Exercise brief:
Without copying any pictures, restate exactly the lines from the start of the records through the line containing "Navy blue folding".
+--
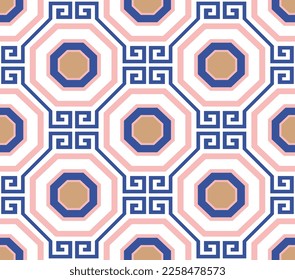 Abstract Geometric Octagon Seamless Vector Pattern Interior Luxury Style Minimal Design Perfect for Allover Fabric Print or Wall Paper Royal Blue Pastel Pink Tones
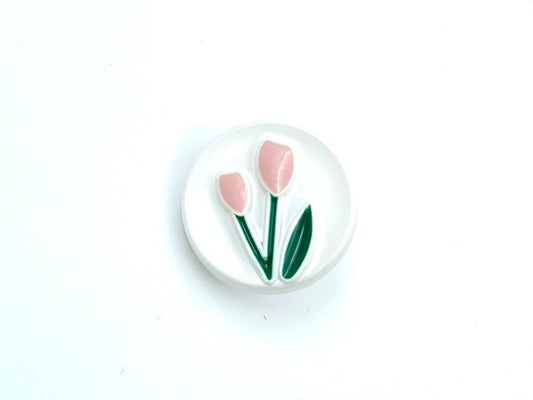 Knopf "Tulpe" 1,7cm Weiß Rosa
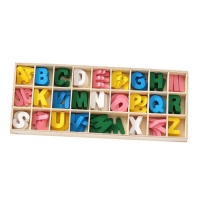 Scatola lettere di legno colorate da 21 cm - 130 unità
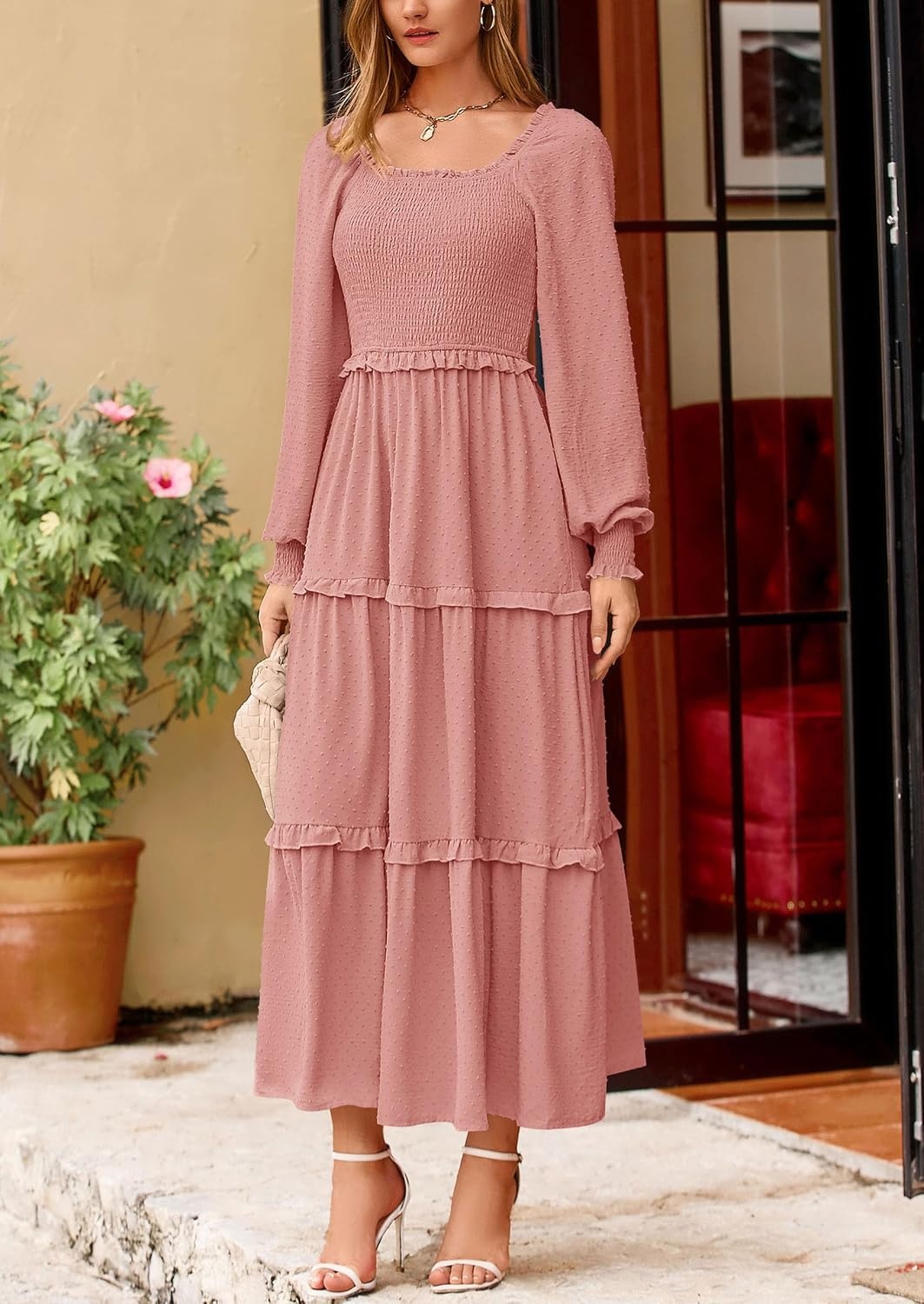 image:imagePRETTYGARDEN Womens Smocked Long Sleeve Maxi Dress Wedding Guest DressesDusty Pink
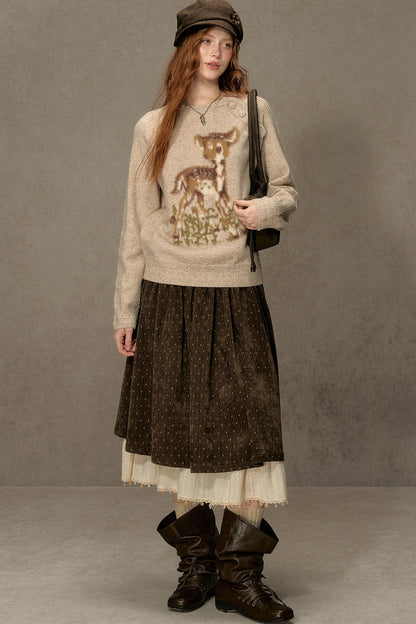 Deer Jacquard Pullover Sweater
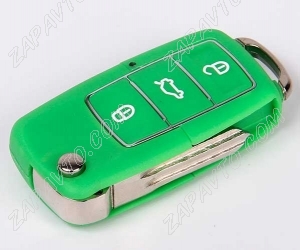 Ключ замка зажигания 1118, 2170, 2190, Datsun, 2123 выкидной по типу Volkswagen Люкс, 3 кн зеленый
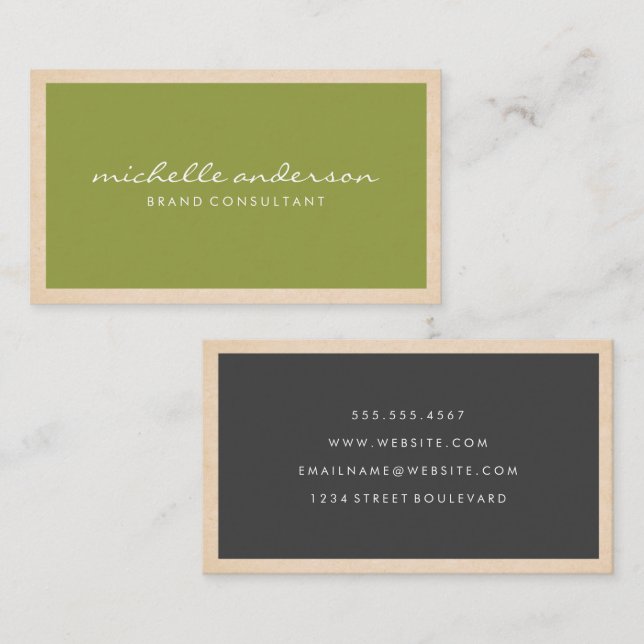 Simple Green Grey | Sleek Business Card (Front/Back)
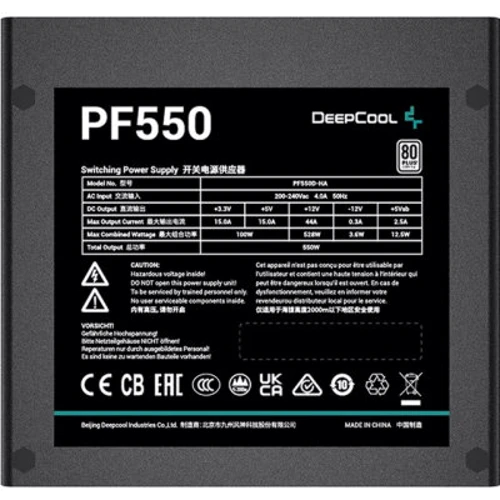 Блок питания DeepCool PF550 (R-PF550D-HA0B-EU): Мощность, Ватт 550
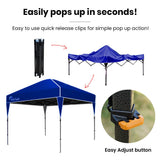 Navy blue folding gazebo shading an outdoor market or backyard setup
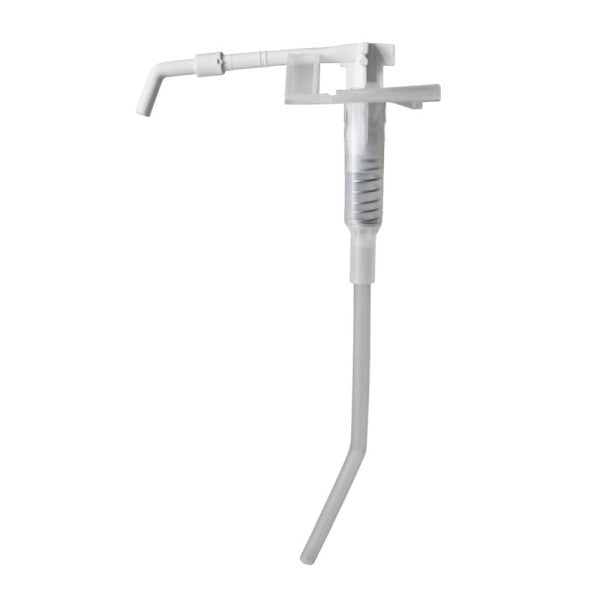 Weiße und transparente Kunststoffpumpe mit 1000ml Fassungsvermögen.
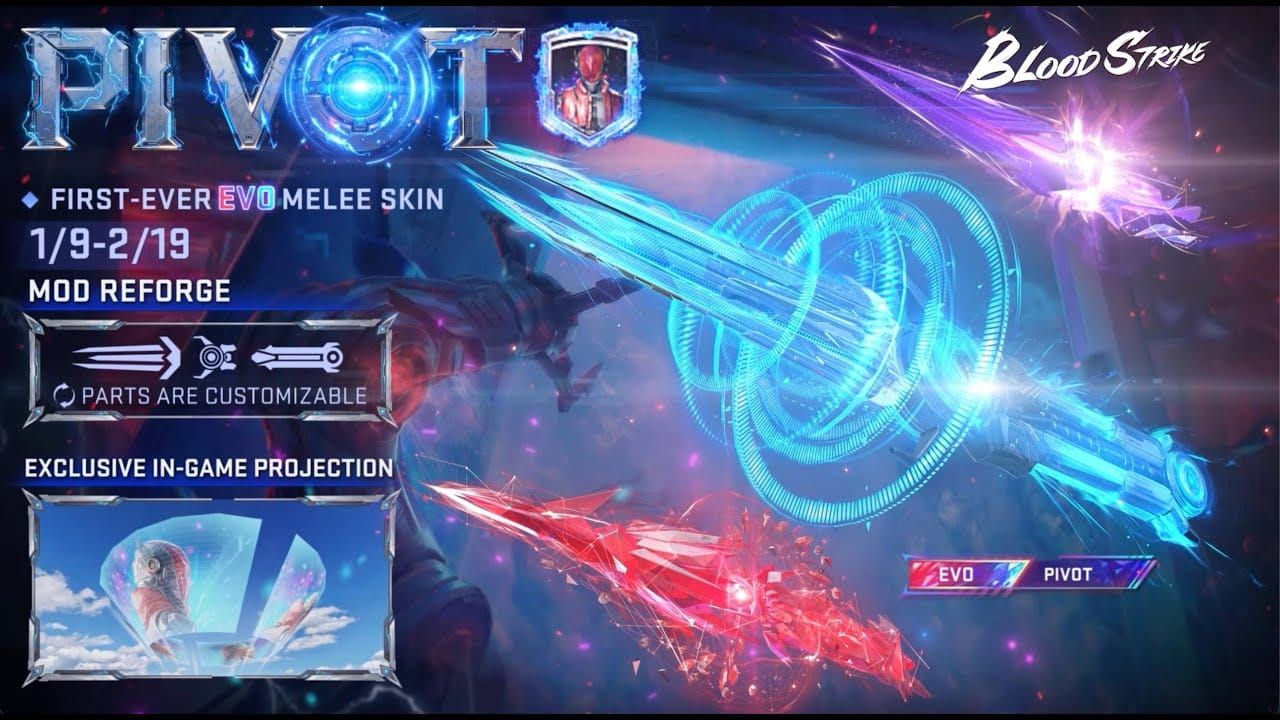 Blood Strike ETHAN operator equipped with Pivot EVO-class melee weapon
+--
Answer:
 Abstract Geometric Octagon Seamless Vector Pattern Interior Luxury Style Minimal Design Perfect for Allover Fabric Print or Wall Paper Royal Blue Pastel Pink Tones
 Knopf "Tulpe" 1,7cm Weiß Rosa
 Scatola lettere di legno colorate da 21 cm - 130 unità
 image:imagePRETTYGARDEN Womens Smocked Long Sleeve Maxi Dress Wedding Guest DressesDusty Pink
 Deer Jacquard Pullover Sweater
 Ключ замка зажигания 1118, 2170, 2190, Datsun, 2123 выкидной по типу Volkswagen Люкс, 3 кн зеленый
 Simple Green Grey | Sleek Business Card (Front/Back)
 Блок питания DeepCool PF550 (R-PF550D-HA0B-EU): Мощность, Ватт 550
 Navy blue folding gazebo shading an outdoor market or backyard setup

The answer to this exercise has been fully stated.